A sharp decline in the amount of freight hauled by Old Dominion Freight Line this month has been accompanied by an unexpected shift: a big increase in the weight per shipment.
For an LTL carrier like ODFL, that increase can create problems for maintaining its yield as measured by revenue per hundredweight. In its first-quarter earnings, ODFL management cited an increase in weight per shipment as a reason why revenue per hundredweight had deteriorated during the period.
In the call with analysts that accompanied the release of the earnings, CFO Adam Satterfield laid out some of the numbers the company has seen in its business, many of which don’t logically tie together but are coming out of a market that is unprecedented in the body blows and disruptions it has dished out.
In March, Satterfield said, weight per shipment increased 6.3%. From February to March, that translated to a 113-pound gain, with the end result of revenue per hundredweight (cwt) dropping 56 cents.

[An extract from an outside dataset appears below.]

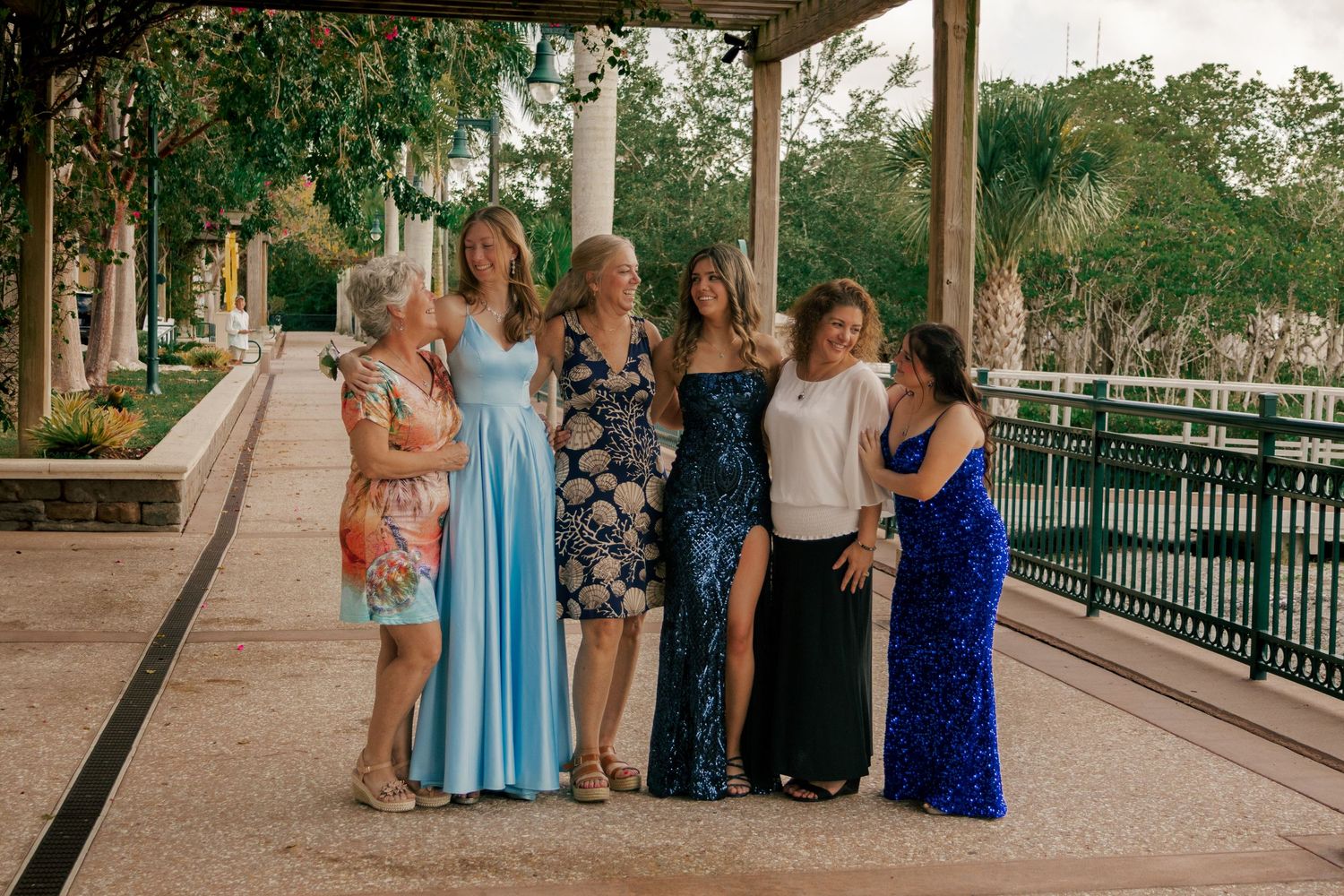 Six women of different ages smile and chat together under a tree-lined pergola walkway.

Revenue per cwt for the quarter was $22.68, up from $22.10 in the first quarter of 2019 but below where it had been trending toward after the first two months of the quarter.

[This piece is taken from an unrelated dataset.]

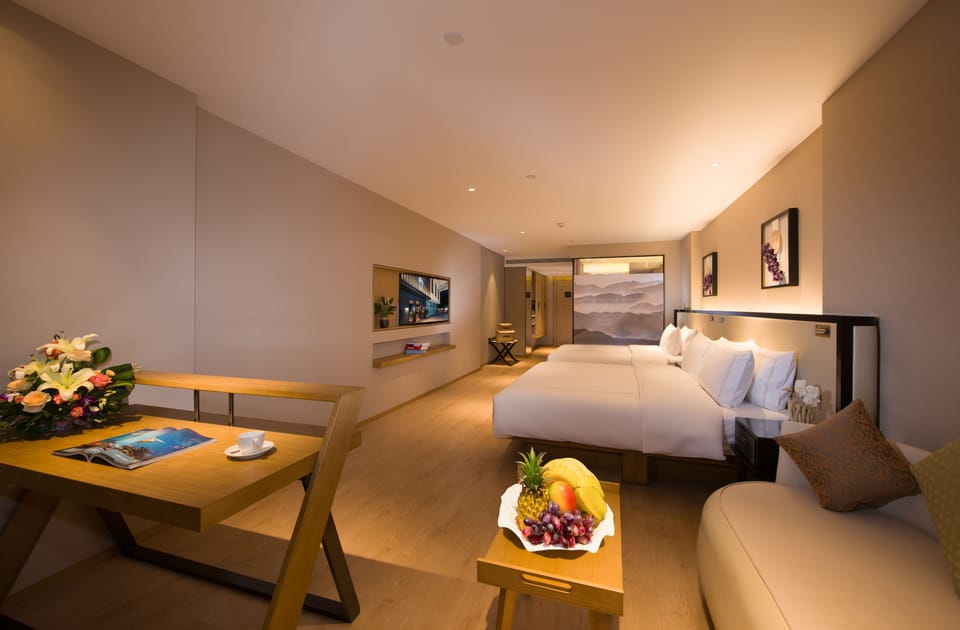 Family Room | Minibar, desk, blackout drapes, iron/ironing board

Satterfield noted in the call that an increase in weight per shipment does not work in perfect reverse correlation to yield. So although LTL pricing at its most basic calculation is set by weight, “It is important to understand revenue per hundredweight is a yield measurement that is not always equivalent to actual pricing,” Satterfield said on the earnings call, according to a transcript supplied by SeekingAlpha. “Multiple factors can have a significant impact on revenue per hundredweight,” he said, citing average length of haul along with weight.
That jump in weight per shipment was historic; ODFL had never recorded one that big previously, Satterfield said. Between June and July 2018, weight per shipment rose 60 pounds. That was in one of the strongest freight markets in history, and LTL carriers were fretting about truckload volumes spilling over into the LTL sector.

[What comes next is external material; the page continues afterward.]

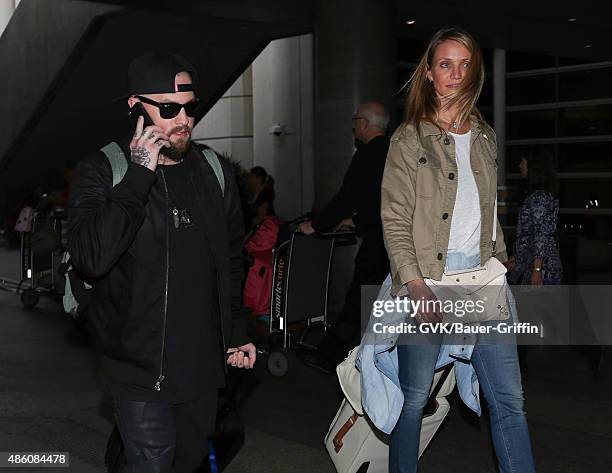 Cameron Diaz and Benji Madden are seen at LAX. On August 31, 2015 in Los Angeles, California.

But according to Satterfield, that increase then led to an increase of 54 cents in revenue per cwt excluding fuel surcharges, as opposed to the drop in revenue per cwt that this jump in weight per shipment created.
He also said that increases in weight per shipment are normally seen “in an environment where the economy was really strong,” marking the current trend as an outlier.
What the LTL carrier is carrying also is a factor in yield, Satterfield said. “Changes in revenue per hundredweight are also not linear with respect to changes in mix,” he said.
The trend has continued into April, Satterfield said. The average weight per shipment this month is up close to 10% from last April, he said. But that’s one of the only barometers that’s up; Satterfield said revenue per day is down close to 20% in April compared to April 2019 and shipments are “trending slightly worse than revenue.”
April shipments are generally 0.9% higher than March, Satterfield said. He estimated they are down about 15% from March.
But as negative as the company’s shipments have been, ODFL expected worse. “Our actual results have been slightly better than we initially expected when the stay-at-home and similar orders were implemented throughout the country,” Satterfield said of the impact on ODFL so far.
Responding to a question from an analyst, Satterfield said that “multiple factors” were creating the increase in weight per shipment. Elsewhere in the call, it was noted that about 20% of ODFL’s customers were closed. The increase in weight per shipment, Satterfield said, could be nothing more than “which customers remain open and the fact that there’s probably more demand for those customers’ products.”
Satterfield compared the decline ODFL is facing with what it dealt with during the start of the great recession in 2008 and 2009. He said the fourth quarter of 2008 dropped about 5% or 6% and then declined 15% to 20% in the first quarter, “and then it kind of got to its worst in the second quarter.”
During this slowdown, he said, the company did start to see a significant downturn in March, but it was mostly in failing to get the normal bump that ODFL sees at the end of March going into April. “And it may have been a little bit soft, but I think that many customers still had kind of orders in the chain, if you will, and we continue to make some of those deliveries,” Satterfield said.
“But now, and kind of as we anticipated, we saw the rapid drop-off in April, and it’s obviously much harder to respond to that type of change and to be able to keep the network of 238 service centers remaining fluid and our service metrics high,” Satterfield said, while praising the company’s operations team, “and how they’ve made these adjustments cutting out costs, minimizing empty miles.”
And although the company did see a sharp downturn at the start of April, Satterfield said the decline had steadied and is not picking up pace.
Satterfield said that although the market is tough, he is not seeing price wars break out. The LTL providers are “disciplined,” he said. Additionally, they aren’t in position to do a lot of price cutting.
“When you look at many of the carriers’ margins, it’s not really in a position to really go out and try to trade price for volume,” Satterfield said. “In fact, it’s probably better to go out and try to implement more of an increase to try to shore up their profit levels.”